The reader, who is in love with the history of Armenia - not in its beauty, but in real history - should be very interested in the opinion of the Meliks themselves about how they lived in Persia, how much property they had and, on the contrary, how few troops the Persians had in order to control the vast space inhabited by Christians, and to keep tens and hundreds of thousands of people in obedience. Let these readers read my book and answer for themselves the question of how Christians lived in Persia.

- Let's make one more seed for the reader, in my opinion, the most important. According to the results of your research, nevertheless, by whom, when and for what purpose were the letters of the Meliks written?

- Again, not wanting to deprive the reader of the right to make a decision myself, I will say that I am convinced that there is a huge difference between the letters with which Ori Ori left Persia, heading to the Holy Roman Empire of the German nation, and the letters that we know today. The exact same difference as between the two Israel Ori. I want every reader to read my research and understand what exactly was written in meliks, and what was later shown to Christian monarchs, and how different these documents were. There are also obvious falsifications, which I set out in great detail for the most patient reader, so that there are no questions left.

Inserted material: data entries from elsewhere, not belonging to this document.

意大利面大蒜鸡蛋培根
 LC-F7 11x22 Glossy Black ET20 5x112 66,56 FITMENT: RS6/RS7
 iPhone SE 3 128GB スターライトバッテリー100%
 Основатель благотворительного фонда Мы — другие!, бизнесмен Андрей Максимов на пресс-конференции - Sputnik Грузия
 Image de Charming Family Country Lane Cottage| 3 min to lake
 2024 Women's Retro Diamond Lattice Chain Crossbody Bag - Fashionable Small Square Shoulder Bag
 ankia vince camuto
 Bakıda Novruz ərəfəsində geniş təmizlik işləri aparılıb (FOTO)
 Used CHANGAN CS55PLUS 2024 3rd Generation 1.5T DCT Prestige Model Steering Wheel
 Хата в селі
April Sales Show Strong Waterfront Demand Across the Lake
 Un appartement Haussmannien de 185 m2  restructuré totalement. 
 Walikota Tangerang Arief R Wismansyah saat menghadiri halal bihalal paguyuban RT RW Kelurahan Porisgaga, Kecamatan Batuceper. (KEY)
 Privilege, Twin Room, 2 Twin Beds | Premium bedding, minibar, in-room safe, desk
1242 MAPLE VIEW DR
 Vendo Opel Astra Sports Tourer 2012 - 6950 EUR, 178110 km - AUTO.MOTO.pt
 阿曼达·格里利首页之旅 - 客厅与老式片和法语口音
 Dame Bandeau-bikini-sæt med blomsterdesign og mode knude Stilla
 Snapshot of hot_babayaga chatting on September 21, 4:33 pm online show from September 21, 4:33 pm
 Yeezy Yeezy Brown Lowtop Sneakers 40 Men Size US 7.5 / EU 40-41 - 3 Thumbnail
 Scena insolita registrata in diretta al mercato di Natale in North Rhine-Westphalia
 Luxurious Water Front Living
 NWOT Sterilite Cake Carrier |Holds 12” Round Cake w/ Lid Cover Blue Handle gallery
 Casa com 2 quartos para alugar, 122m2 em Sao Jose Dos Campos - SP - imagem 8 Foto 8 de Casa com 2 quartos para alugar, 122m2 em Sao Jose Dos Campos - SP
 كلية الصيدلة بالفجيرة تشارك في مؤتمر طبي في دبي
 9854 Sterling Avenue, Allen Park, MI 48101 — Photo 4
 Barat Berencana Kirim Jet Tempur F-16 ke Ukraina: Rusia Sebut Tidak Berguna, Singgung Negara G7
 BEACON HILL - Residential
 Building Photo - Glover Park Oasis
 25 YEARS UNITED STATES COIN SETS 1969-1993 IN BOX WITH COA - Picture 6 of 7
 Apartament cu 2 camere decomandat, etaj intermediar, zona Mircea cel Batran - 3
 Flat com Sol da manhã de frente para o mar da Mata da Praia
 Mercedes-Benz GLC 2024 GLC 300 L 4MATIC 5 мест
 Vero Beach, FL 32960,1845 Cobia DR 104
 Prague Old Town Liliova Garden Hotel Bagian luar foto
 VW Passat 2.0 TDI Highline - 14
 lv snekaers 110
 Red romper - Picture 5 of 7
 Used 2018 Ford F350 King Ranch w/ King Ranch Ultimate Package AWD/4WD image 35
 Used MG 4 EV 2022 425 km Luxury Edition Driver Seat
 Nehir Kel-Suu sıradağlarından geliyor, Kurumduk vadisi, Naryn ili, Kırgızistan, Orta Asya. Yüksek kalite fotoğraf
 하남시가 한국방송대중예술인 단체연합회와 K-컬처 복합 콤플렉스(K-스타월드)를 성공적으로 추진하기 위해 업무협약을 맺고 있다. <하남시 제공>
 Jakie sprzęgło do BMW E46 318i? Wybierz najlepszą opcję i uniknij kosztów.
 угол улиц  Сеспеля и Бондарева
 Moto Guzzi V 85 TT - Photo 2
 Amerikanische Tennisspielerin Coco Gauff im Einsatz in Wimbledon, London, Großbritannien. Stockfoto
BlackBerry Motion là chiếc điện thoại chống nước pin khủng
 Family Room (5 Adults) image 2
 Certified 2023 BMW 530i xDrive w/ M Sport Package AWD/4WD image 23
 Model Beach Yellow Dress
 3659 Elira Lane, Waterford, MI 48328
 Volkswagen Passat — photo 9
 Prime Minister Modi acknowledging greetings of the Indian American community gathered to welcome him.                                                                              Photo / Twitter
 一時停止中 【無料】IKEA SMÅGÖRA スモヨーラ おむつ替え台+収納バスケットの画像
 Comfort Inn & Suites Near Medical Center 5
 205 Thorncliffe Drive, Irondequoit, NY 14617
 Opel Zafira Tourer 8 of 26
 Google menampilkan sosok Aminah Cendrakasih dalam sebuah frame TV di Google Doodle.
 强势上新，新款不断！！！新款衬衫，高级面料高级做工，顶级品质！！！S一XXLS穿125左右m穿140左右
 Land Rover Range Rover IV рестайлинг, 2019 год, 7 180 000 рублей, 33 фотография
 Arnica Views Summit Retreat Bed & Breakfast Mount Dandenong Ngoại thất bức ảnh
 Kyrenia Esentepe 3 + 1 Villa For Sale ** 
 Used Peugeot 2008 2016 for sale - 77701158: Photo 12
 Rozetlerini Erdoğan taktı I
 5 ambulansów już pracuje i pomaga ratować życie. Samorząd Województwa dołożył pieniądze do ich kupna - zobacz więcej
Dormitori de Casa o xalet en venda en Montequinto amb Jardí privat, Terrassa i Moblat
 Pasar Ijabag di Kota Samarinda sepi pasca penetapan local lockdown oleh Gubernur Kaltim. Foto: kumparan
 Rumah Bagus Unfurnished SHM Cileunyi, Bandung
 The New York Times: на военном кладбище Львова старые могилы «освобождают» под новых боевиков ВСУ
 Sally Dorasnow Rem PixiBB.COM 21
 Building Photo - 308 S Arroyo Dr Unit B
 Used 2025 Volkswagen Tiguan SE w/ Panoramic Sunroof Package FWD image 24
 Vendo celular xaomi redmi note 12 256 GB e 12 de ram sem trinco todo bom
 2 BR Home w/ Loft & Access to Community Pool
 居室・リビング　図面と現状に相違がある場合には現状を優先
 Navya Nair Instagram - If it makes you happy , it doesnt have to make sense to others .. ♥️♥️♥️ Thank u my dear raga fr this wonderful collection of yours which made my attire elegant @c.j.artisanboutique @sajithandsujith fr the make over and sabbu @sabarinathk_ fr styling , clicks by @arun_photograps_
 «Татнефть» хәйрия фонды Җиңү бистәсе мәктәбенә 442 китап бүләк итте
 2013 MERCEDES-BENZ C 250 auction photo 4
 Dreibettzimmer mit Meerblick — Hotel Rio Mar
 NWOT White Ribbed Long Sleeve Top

- In the story about the letters of the Meliks, I was struck by the very regime of the “carte blanche” document, when an empty sheet of paper is given, under which people sign, in this case, chalk. I was surprised by who the negotiating person should be, so that consent was given to sign an empty sheet for him.

- And this is another indirect evidence that the Meliks could not resist the will of Israel Ori and those people who sent him to Persia. They simply signed everything they were told. Those who ordered these letters did not initially know which text they needed, so the Meliks signed carte blanche and not all letters were written in Persia. It is possible that only one letter was written there, and not the one we read in French, since it was translated into French later.

- Can you tell us what the second part of the book will be about?

- In the second part, firstly, I hope that they will contain detailed answers to the questions that I will receive in the first part. Especially a lot of questions now on the introduction, where I talk about the history of Armenia as a whole. I affirm and can prove that before the appearance of the Mkhitarists, the history of Armenia was very short and was everywhere referred to as the story of several Christian princes who quarreled among themselves and lost their sovereignty in the area called Armenia. The story that is being talked about today began with the appearance in the XVIII century, in 1712 (a year after the death of Israel Ori) of the Mkhitarists, who began to collect bit by bit the references that could be called Armenian history.

The name Armenia, according to my research, appeared not in historical, but in fiction. This conclusion follows from books known to us, the authenticity of which we can confirm with at least 90% certainty. To do this, you need a sufficient number of copies - if today we find 10-20 copies, even in the form of photographs or PDFs, then we can say that yes, such and such a book appeared in 1393 or in 1470 and so on. In my work, I used archival data about all European printed editions, and somewhere the publication of this or that book is confirmed, somewhere not. However, even if we assume that all the books that we have really been published, then there are no stories about Ancient Armenia, about Tigran the Great and its other figures. I can say that not only the history of Armenia is in trouble with antiquity, but also in other countries. I am sorry for the Armenian historians, and among them there are very sincere and worthy people who have spent a huge amount of energy studying this Armenian traditional version of history, but I want to say that it’s never too late to start from the beginning and turn everything around in your mind , and for your loved ones.

- Thank you very much, Philipp Vartanovich, for having a chat with us today! You told very interesting story about this book, and about your approach to the study of history.